“General Fri'it has other business,” said Vorbis. “Most pressing and urgent business. Which only he can attend to.”
Fri'it opened his eyes in grayness.
He could see the room around him, but only faintly, as a series of edges in the air.
The sword . . .
He'd dropped the sword, but maybe he could find it again. He stepped forward, feeling a tenuous resistance around his ankles, and looked down.
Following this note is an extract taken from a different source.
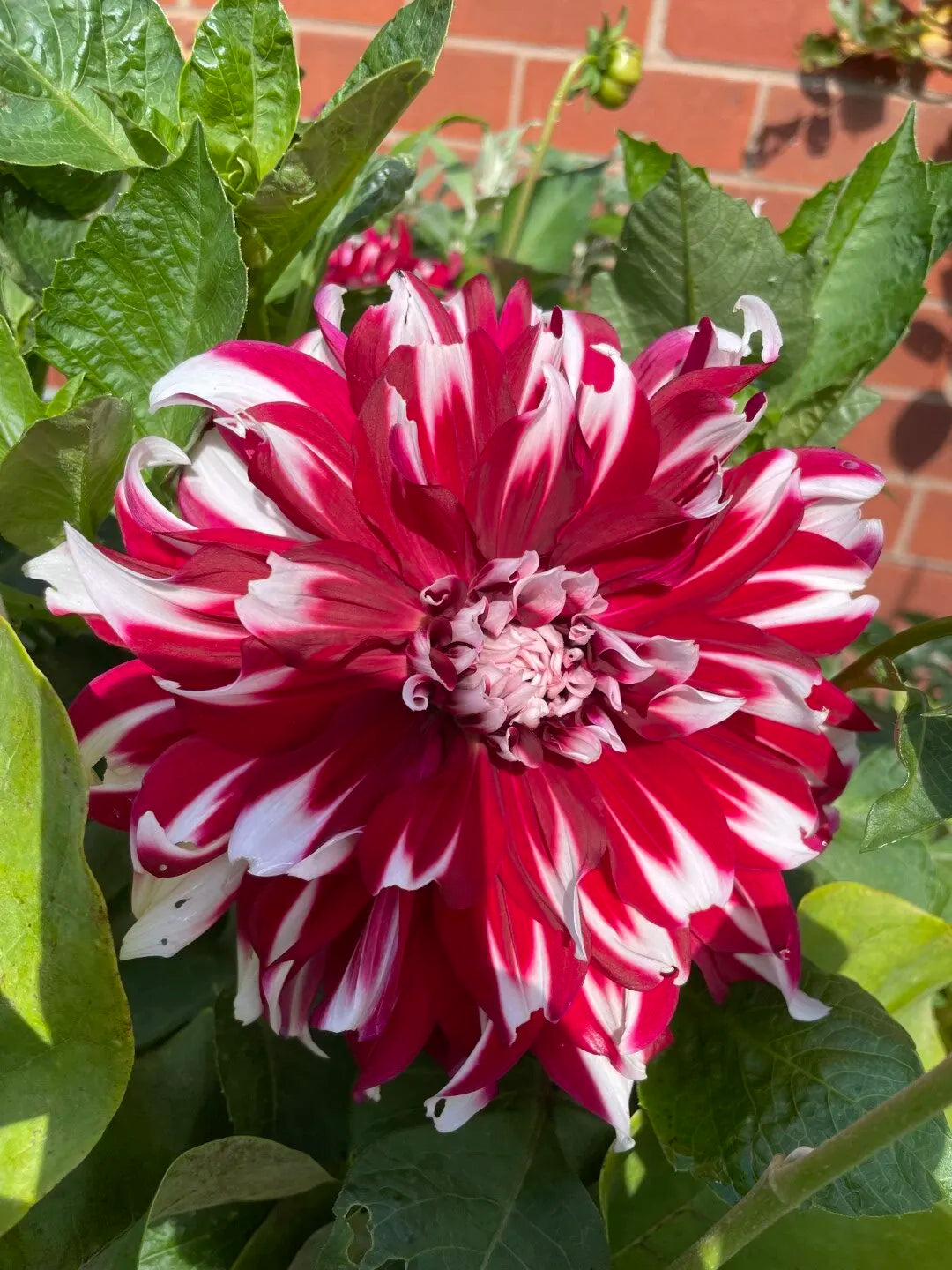 X-Factor Dahlia
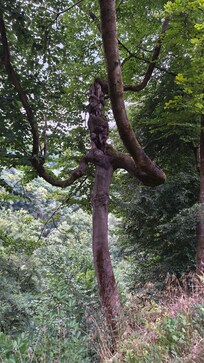 Veel natuur en loop paden.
There was the sword. But his fingers passed through it. It was like being drunk, but he knew he wasn't drunk. He wasn't even sober. He was . . . suddenly clear in his mind.
He turned and looked at the thing that had briefly impeded his progress.
“Oh,” he said.
GOOD MORNING.
“Oh.”
"THERE IS A LITTLE CONFUSION AT FIRST. IT IS ONLY TO BE EXPECTED.
To his horror, Fri'it saw the tall black figure stride away through the gray wall.
“Wait!”
A skull draped in a black hood poked out of the wall.
YES?
“You're Death, aren't you?”
INDEED.
Fri'it gathered what remained of his dignity.
“I know you,” he said. “I have faced you many times.”
Death gave him a long stare.
NO YOU HAVEN'T.
"I assure you-
YOU HAVE FACED MEN. IF YOU HAD FACED ME, I ASSURE YOU . . . YOU WOULD HAVE KNOWN.
“But what happens to me now?”
Death shrugged.
DON'T YOU KNOW? he said, and disappeared.
“Wait!”
Fri'it ran at the wall and found to his surprise that it offered no barrier. Now he was out in the empty corridor. Death had vanished.
And then he realized that it wasn't the corridor he remembered, with its shadows and the grittiness of sand underfoot.
That corridor didn't have a glow at the end, that pulled at him like a magnet pulls at an iron filing.